- Opening Delimiter -

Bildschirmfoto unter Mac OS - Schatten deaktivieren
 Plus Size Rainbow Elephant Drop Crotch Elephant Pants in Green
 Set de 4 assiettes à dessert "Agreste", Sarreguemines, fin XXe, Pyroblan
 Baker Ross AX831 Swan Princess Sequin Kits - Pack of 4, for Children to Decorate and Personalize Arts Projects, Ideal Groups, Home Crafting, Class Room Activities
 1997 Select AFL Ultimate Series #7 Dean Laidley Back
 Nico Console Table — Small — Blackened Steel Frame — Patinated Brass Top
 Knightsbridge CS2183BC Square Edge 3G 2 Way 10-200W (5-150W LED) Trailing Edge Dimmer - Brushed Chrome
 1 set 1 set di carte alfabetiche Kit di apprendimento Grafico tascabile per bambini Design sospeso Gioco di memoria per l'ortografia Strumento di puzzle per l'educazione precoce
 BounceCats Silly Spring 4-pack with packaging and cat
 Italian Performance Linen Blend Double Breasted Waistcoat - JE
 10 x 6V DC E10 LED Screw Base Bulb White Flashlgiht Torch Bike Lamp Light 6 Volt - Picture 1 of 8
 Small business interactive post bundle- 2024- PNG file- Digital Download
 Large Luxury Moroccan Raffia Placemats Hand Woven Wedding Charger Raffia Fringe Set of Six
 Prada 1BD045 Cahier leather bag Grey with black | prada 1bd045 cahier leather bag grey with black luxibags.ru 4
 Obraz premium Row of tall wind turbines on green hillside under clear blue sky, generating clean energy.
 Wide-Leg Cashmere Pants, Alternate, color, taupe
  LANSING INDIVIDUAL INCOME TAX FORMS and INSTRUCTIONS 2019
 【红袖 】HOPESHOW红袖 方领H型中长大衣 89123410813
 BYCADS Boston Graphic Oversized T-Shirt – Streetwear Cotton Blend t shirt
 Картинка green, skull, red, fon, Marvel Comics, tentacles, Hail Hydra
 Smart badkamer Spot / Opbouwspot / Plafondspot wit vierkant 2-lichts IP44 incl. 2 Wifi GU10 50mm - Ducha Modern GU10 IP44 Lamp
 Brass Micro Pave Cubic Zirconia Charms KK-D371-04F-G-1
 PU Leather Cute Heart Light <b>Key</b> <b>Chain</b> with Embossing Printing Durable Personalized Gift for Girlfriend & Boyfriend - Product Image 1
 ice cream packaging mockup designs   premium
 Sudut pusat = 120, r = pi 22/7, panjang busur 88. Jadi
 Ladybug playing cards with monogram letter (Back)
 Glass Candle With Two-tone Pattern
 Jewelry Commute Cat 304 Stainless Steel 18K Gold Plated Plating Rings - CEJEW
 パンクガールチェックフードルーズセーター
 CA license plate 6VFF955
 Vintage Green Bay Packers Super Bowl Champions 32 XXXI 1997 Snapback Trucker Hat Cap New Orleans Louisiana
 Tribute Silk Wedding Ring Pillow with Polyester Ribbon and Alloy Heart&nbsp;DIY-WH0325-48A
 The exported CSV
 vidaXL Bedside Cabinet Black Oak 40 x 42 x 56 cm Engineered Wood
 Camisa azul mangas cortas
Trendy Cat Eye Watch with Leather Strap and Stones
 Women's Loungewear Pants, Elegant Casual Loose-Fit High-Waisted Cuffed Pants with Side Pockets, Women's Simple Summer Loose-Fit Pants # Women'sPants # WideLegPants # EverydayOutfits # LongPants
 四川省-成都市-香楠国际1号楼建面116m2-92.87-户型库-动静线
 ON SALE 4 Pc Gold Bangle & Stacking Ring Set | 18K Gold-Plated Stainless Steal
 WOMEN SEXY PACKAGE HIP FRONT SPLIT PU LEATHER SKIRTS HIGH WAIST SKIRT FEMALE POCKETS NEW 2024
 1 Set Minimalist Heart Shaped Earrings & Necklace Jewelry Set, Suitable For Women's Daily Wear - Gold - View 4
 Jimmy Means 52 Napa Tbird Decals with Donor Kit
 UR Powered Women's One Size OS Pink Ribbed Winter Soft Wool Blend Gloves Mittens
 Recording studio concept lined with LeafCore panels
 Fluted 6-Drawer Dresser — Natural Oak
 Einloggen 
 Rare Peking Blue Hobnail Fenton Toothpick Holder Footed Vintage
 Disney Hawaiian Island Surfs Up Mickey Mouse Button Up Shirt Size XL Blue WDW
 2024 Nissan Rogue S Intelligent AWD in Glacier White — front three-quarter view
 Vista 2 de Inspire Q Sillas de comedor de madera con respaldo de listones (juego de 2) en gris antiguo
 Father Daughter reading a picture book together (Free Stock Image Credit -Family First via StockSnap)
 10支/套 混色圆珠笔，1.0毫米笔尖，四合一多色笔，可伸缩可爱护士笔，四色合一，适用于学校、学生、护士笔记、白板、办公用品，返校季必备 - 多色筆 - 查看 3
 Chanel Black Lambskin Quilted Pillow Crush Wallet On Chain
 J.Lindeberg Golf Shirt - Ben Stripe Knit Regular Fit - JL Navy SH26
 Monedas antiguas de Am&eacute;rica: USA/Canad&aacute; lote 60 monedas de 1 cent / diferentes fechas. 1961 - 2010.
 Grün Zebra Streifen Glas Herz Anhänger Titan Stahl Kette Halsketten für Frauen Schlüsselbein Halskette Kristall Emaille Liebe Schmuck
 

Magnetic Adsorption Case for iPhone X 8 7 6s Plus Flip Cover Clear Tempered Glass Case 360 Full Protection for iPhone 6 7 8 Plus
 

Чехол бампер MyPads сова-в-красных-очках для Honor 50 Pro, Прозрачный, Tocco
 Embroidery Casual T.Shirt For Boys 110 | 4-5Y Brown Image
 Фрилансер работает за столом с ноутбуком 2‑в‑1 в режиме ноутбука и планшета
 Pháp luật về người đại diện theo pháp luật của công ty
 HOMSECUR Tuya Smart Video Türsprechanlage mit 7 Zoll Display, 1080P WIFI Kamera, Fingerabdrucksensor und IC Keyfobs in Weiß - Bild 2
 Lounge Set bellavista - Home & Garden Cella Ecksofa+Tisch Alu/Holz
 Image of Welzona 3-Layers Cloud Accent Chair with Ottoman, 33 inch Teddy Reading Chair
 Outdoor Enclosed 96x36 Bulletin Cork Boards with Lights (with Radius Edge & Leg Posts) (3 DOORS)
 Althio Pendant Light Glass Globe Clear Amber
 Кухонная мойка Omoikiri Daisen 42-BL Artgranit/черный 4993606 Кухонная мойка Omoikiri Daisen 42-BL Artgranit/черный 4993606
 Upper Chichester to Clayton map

- Closing Delimiter -

▸ ACTION ITEM
For the lines above, output exactly those from the line containing "Obraz premium Row" through the line containing "Картинка green, skull, red, fon, Marvel", and skip the others.

▸ EXERCISE ANSWER
 Obraz premium Row of tall wind turbines on green hillside under clear blue sky, generating clean energy.
 Wide-Leg Cashmere Pants, Alternate, color, taupe
  LANSING INDIVIDUAL INCOME TAX FORMS and INSTRUCTIONS 2019
 【红袖 】HOPESHOW红袖 方领H型中长大衣 89123410813
 BYCADS Boston Graphic Oversized T-Shirt – Streetwear Cotton Blend t shirt
 Картинка green, skull, red, fon, Marvel Comics, tentacles, Hail Hydra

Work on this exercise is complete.